Dr. Selma Calmes, Polio Survivor, Shares Her Story at IARS 2023
April 26, 2023 | Jane Moon, MD
A severe polio epidemic in Copenhagen, Denmark, inspired the creation of the first intensive care unit (ICU) just a few years after Selma Calmes, MD, was hospitalized with polio in Los Angeles, California. Dr. Calmes, Retired Clinical Professor of the Department of Anesthesiology and Perioperative Medicine at UCLA and Retired Chief of Anesthesiology of Olive View-UCLA Medical Center, overcame great hardship—physical, mental, emotional, and financial—to pursue a career in medicine during a time when only 6% of all physicians in the United States were women.
Dr. Calmes gave a moving account of her own experience with childhood polio and adult post-polio syndrome in a pre-recorded interview during the IARS 2023 Annual Meeting’s International Science Symposium entitled “Impact of Innovation and Technology in Critical Care: Past and Future.” The session was moderated by Beverley Orser, MD, PhD, Chair of Anesthesiology and Pain Medicine at the University of Toronto. The other panelists were Hannah Wunsch, MD, MSc, Professor of Anesthesiology and Pain Medicine at the University of Toronto, and James Blum, MD, FCCM, Chief Medical Information Officer at the University of Iowa.
In 1948, when Dr. Calmes was eight years old, a polio epidemic began to ravage her town of Long Beach, California. “I couldn’t get up out of bed,” she said, recalling her presenting symptom. Her family physician visited her at home, performed a physical exam that included the nuchal rigidity test, and then directed her to go to the Los Angeles County Hospital, where new polio patients had to be quarantined for two weeks.
Dr. Calmes had bleak memories of her hospitalization, first at the County Hospital, then at a local facility near her house in Long Beach. She recalled initially undergoing a spinal tap by two male interns in a “very dark” room with poor lighting. After the procedure, she was sent to a floor that was “just packed with polio cases.”
“I was a very feisty kid, and I decided I was going to run away from the hospital,” she said. The nurses were distraught when she “fell in a heap on the floor.”
Although Dr. Calmes did not have respiratory failure due to polio, both her legs were paralyzed, and she could not walk for a long period of time. For around two years after her initial diagnosis, Dr. Calmes had to use crutches, and it took even longer for her to be able to run.

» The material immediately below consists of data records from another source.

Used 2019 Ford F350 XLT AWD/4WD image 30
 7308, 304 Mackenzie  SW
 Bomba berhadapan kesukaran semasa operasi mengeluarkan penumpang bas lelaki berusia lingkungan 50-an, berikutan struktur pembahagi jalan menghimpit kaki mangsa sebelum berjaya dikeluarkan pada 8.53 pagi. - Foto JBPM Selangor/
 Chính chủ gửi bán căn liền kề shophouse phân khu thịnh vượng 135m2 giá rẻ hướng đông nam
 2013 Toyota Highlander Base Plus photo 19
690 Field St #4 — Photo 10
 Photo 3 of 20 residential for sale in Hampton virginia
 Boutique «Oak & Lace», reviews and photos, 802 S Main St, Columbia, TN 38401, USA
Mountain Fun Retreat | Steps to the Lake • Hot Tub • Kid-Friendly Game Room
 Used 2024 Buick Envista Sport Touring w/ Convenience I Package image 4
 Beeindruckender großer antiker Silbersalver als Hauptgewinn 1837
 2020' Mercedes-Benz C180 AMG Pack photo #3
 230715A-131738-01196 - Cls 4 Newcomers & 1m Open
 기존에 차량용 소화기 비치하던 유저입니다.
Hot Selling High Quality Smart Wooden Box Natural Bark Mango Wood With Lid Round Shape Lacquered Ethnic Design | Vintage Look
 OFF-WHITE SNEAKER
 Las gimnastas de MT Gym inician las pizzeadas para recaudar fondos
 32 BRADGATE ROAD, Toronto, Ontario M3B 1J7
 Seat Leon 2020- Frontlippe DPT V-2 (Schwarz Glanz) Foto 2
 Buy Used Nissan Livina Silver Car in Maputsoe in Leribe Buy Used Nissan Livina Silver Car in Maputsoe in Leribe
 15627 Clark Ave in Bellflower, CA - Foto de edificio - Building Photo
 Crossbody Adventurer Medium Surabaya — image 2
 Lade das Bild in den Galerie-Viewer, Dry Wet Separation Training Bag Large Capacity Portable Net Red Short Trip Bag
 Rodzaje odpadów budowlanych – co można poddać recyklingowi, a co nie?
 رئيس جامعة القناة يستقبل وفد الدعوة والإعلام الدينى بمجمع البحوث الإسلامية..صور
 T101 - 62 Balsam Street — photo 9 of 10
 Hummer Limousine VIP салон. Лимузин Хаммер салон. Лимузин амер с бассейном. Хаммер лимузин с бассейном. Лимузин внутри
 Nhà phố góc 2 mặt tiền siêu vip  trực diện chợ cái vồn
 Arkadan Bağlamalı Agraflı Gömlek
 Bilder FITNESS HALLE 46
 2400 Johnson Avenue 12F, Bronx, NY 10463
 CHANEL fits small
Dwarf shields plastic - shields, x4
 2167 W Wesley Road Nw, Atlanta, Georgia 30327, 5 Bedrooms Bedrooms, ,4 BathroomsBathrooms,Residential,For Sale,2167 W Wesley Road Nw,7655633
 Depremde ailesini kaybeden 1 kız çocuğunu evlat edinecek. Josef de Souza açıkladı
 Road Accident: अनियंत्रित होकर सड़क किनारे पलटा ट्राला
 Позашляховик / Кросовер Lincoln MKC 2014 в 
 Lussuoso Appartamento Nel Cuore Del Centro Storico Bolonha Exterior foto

Dr. Calmes credited her interest in medicine to being hospitalized as a child, although she felt discouraged about how difficult and expensive her education would be. She expressed gratitude for her college organic chemistry teacher, who encouraged her and helped her complete the admissions process for Baylor College of Medicine in Houston. Dr. Calmes’ mother “took out a second mortgage on her house” to help pay for her daughter’s medical school tuition.
Dr. Wunsch, Dr. Calmes’ interviewer and co-panelist, asked about how the practice of anesthesiology had evolved over her career. Dr. Calmes shared that at the main University of Pennsylvania hospital where she completed her residency training, there was “a very rigid schedule of [intravenous] pentothal and nitrous [oxide] and ether by mask.” She learned to use halothane, which provided a faster and smoother induction, only after being trained to use ether.
Dr. Calmes also described a general lack of monitoring equipment for a significant portion of her career. EKGs, pulse oximeters, arterial blood gas analyzers were scarce resources.
She then shared her disappointment with developing debilitating symptoms of post-polio syndrome after becoming a department chair. “I had ignored polio for such a long time,” she said. She began to have worsening muscle weakness, especially of her arms, which were not as affected when she had polio as a child. The arm debility also caused neck problems, and her overall stamina declined significantly.
As words of parting advice to the younger generation of physicians, Dr. Calmes encouraged everyone to “recognize the effect of disease on our patients.” She emphasized the value of the postoperative visit in communicating a commitment to patients and families as whole people. “It’s so easy to get lost in the things we have to do, but we’re here to take care of the patients and give them the best experience possible,” she said.